The task:
Give back all of the data exactly, with every picture omitted.

Supplied data START

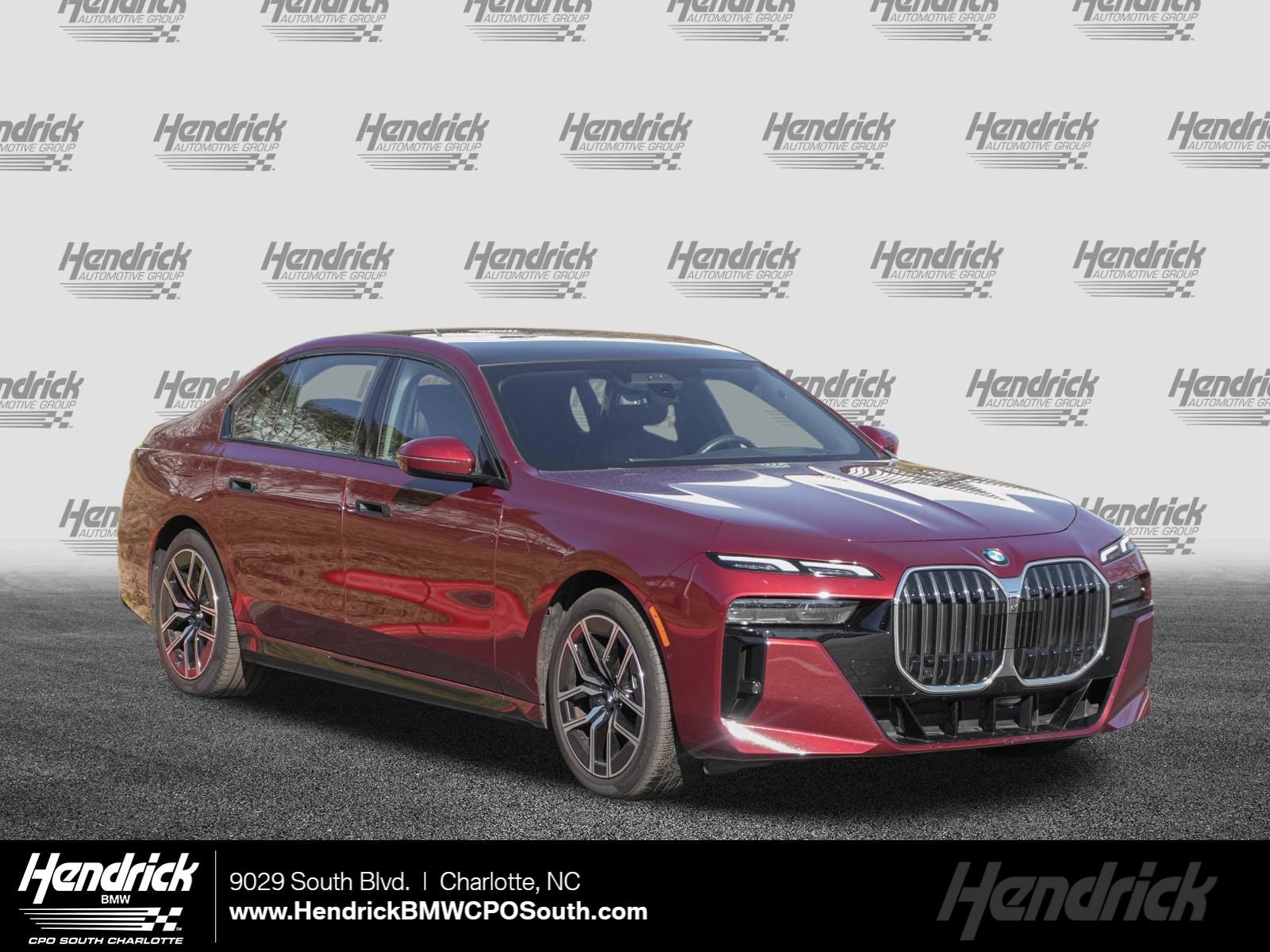 2025 BMW 7 Series 740i's photo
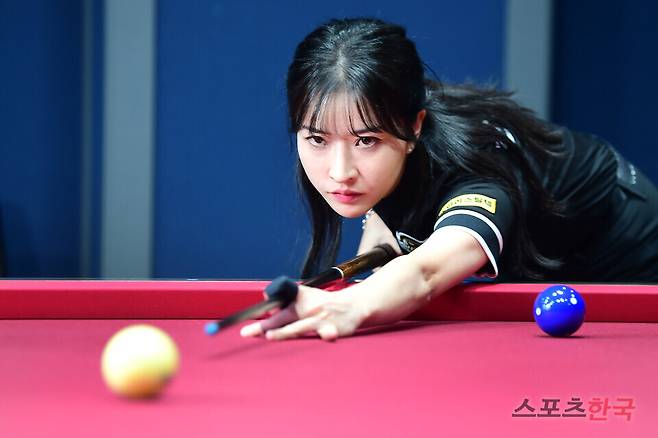 프로당구 선수 한슬기가 스포츠한국과의 인터뷰에서 포즈를 취하고 있다. ⓒ이혜영 기자 lhy@hankooki.com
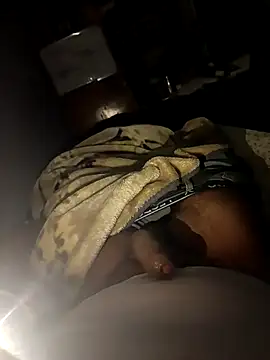 Snapshot of MoAntoMora chatting on 11.18.25 MoAntoMora online show from 11.18.25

Supplied data END

Solution:
 2025 BMW 7 Series 740i's photo
 프로당구 선수 한슬기가 스포츠한국과의 인터뷰에서 포즈를 취하고 있다. ⓒ이혜영 기자 lhy@hankooki.com
 Snapshot of MoAntoMora chatting on 11.18.25 MoAntoMora online show from 11.18.25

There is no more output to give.